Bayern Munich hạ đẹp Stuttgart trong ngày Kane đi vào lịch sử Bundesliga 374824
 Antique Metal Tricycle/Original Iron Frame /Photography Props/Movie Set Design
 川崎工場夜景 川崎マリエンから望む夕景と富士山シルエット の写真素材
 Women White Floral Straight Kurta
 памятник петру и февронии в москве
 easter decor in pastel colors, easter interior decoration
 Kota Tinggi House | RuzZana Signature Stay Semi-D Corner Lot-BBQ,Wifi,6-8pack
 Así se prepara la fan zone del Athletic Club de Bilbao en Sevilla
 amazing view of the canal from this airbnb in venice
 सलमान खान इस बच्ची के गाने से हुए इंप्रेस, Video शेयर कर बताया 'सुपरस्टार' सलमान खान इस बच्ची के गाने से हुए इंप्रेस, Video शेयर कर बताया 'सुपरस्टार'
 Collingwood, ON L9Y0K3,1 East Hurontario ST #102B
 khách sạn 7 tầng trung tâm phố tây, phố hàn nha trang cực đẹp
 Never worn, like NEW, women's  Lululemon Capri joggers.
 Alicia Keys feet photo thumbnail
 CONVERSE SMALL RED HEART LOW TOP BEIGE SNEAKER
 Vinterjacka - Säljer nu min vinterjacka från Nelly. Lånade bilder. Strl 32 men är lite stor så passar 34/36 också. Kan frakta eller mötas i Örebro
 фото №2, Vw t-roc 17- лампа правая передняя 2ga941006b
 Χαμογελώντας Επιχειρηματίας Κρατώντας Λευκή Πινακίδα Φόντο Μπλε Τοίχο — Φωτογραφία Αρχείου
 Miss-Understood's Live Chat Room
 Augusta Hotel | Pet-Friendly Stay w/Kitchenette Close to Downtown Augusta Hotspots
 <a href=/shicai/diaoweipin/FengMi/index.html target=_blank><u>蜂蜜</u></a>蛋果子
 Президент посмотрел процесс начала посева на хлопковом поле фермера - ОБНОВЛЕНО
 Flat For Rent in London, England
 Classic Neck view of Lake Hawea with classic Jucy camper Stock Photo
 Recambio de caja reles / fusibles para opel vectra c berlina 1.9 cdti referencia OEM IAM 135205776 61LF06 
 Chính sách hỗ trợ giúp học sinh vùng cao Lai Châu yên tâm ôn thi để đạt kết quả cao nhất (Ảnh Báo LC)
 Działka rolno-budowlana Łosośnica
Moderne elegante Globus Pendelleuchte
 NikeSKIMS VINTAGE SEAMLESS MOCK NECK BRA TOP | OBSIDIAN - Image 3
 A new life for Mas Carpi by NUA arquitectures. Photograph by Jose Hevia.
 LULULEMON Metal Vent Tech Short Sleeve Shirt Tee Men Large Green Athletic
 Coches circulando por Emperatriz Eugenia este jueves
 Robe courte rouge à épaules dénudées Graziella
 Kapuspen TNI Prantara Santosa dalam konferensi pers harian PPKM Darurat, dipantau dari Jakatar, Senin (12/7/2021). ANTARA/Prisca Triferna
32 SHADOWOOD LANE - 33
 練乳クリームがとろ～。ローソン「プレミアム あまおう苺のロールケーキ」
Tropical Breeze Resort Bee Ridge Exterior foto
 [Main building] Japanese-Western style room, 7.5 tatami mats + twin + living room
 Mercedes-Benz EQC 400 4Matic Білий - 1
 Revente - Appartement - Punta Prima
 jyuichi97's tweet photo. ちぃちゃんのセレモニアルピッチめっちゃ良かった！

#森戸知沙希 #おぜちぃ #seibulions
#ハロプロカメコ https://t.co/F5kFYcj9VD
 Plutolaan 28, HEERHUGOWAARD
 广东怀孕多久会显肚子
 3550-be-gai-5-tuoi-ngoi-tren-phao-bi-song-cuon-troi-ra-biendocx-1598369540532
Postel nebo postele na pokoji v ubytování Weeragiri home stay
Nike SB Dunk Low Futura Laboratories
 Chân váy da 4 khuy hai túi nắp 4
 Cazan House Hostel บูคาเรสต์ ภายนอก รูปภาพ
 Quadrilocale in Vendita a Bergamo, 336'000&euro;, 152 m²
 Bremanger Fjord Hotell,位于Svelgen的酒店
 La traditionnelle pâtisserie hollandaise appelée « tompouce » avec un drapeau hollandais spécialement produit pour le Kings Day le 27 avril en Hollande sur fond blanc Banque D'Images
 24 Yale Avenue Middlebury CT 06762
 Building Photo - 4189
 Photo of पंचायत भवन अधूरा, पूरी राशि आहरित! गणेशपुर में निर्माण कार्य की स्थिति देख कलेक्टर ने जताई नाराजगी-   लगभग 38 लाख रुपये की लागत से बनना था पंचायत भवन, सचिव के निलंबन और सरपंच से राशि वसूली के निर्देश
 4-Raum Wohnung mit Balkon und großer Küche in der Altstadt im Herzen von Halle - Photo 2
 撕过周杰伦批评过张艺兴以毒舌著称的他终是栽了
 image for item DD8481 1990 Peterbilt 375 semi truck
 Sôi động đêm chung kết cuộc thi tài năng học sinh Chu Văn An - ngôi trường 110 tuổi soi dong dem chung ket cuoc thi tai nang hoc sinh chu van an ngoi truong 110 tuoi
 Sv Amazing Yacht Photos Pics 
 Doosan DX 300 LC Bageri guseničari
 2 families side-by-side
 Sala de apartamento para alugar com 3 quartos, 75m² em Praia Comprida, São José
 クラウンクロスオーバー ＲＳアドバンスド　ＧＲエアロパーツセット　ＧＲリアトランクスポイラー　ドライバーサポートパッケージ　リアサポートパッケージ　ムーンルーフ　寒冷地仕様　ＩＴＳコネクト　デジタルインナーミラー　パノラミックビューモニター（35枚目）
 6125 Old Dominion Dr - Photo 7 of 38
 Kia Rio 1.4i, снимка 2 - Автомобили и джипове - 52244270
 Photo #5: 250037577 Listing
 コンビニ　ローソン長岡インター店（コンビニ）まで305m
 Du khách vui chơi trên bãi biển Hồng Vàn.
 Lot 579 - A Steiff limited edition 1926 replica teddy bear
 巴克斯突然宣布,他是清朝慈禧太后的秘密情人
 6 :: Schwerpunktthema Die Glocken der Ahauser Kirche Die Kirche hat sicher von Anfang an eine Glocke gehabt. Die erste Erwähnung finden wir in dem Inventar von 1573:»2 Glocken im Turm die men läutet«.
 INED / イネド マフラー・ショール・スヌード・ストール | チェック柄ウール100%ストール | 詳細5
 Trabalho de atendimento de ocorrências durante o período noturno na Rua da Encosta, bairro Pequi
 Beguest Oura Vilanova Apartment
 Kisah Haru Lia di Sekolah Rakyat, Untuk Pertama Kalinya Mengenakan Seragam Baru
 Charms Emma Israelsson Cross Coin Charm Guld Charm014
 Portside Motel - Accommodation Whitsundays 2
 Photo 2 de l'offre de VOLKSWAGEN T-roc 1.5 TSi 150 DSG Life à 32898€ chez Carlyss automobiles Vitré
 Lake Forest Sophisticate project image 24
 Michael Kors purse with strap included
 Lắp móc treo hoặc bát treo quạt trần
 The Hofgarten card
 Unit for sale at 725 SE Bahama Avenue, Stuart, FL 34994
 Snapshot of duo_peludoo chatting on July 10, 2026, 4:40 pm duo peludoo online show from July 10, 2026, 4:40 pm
--- --- ---
## What is being asked:
Tally the lines of the listing that include "tuoi". Nothing but the resulting number should be returned.

## Exercise result:
2